Write out, word for word, the part of the listing below that opens with the line containing "Chlobo Jewellery Gold" and closes with the line containing "Pacific Coast Goose", keeping both of those lines and adding no others.
(Beginning of DATA)
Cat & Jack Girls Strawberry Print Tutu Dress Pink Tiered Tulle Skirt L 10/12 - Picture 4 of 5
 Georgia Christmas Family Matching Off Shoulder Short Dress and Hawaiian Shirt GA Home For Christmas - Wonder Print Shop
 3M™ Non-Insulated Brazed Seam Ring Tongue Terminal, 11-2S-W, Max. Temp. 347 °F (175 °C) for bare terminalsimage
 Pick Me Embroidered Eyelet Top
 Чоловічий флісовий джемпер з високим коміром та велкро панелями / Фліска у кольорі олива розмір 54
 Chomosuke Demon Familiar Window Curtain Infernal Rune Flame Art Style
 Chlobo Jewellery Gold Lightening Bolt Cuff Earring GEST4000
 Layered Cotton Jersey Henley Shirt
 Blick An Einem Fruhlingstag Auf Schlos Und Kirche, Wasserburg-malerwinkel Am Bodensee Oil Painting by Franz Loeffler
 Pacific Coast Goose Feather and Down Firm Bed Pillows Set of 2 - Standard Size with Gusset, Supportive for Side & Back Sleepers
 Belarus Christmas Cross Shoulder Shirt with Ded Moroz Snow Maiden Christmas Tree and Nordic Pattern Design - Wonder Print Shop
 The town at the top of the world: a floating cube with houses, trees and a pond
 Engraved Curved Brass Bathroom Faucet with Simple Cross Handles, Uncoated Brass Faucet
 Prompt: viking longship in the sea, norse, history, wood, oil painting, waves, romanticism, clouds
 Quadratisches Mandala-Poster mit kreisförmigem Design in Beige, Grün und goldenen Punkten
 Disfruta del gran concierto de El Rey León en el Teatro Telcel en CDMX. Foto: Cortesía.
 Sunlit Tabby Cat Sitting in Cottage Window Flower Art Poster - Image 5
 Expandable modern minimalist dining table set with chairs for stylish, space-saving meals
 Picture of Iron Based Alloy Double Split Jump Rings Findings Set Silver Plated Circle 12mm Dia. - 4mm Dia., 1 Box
(End of DATA)
▸ RESULT OF THIS TASK:
 Chlobo Jewellery Gold Lightening Bolt Cuff Earring GEST4000
 Layered Cotton Jersey Henley Shirt
 Blick An Einem Fruhlingstag Auf Schlos Und Kirche, Wasserburg-malerwinkel Am Bodensee Oil Painting by Franz Loeffler
 Pacific Coast Goose Feather and Down Firm Bed Pillows Set of 2 - Standard Size with Gusset, Supportive for Side & Back Sleepers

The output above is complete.